» **Work request**
Print exactly the lines below between the line holding "How Catfish Hunt poster" and the line holding "Японский орнамент", inclusive, and nothing more.

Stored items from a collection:
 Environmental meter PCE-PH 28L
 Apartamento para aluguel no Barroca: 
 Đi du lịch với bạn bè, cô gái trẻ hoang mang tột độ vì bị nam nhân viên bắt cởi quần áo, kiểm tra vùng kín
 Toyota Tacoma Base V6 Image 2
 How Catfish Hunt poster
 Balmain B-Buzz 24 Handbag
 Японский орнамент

--

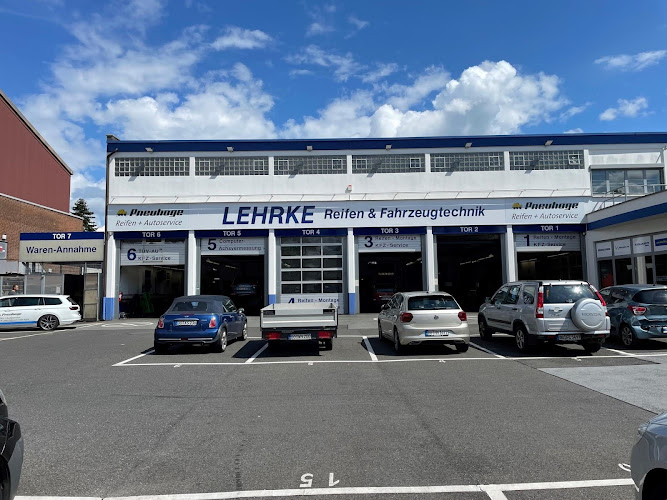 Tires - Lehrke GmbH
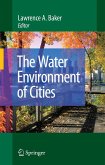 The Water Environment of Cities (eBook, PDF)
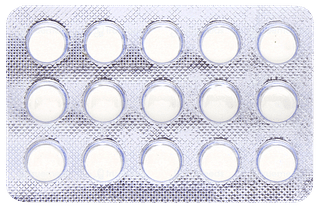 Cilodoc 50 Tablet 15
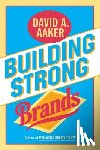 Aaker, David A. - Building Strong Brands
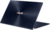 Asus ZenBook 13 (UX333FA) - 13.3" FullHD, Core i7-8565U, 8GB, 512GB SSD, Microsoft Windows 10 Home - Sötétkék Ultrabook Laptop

» **The answer**
 How Catfish Hunt poster
 Balmain B-Buzz 24 Handbag
 Японский орнамент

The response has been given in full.